**Data for this task**.
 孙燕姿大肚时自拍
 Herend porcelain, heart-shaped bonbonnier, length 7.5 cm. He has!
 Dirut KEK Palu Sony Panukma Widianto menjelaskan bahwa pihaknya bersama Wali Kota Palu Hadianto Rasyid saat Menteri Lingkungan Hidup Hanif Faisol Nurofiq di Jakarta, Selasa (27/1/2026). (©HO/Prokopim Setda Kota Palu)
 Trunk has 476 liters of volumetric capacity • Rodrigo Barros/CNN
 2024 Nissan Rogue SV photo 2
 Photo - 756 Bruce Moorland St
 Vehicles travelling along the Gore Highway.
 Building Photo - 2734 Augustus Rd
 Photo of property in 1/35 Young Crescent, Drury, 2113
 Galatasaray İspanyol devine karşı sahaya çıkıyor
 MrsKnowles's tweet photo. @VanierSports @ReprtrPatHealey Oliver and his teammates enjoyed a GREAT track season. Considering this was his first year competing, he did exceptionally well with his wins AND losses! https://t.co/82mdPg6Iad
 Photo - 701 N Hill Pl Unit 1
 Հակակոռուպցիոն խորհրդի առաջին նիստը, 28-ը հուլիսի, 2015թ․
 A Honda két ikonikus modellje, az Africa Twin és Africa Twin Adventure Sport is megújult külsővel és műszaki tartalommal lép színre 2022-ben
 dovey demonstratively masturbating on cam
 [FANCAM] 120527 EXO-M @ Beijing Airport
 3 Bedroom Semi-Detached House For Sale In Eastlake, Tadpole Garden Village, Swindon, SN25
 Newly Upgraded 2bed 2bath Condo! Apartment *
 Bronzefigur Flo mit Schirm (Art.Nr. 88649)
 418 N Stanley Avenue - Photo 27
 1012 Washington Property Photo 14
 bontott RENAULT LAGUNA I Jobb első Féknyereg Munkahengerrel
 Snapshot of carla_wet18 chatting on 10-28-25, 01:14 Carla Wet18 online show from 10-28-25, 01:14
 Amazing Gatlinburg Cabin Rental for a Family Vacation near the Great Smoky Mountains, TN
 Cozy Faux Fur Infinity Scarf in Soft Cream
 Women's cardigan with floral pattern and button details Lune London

**Your instructions**. Restate the data verbatim through the "Herend porcelain, heart-shaped" line.

**Exercise answer**.
 孙燕姿大肚时自拍
 Herend porcelain, heart-shaped bonbonnier, length 7.5 cm. He has!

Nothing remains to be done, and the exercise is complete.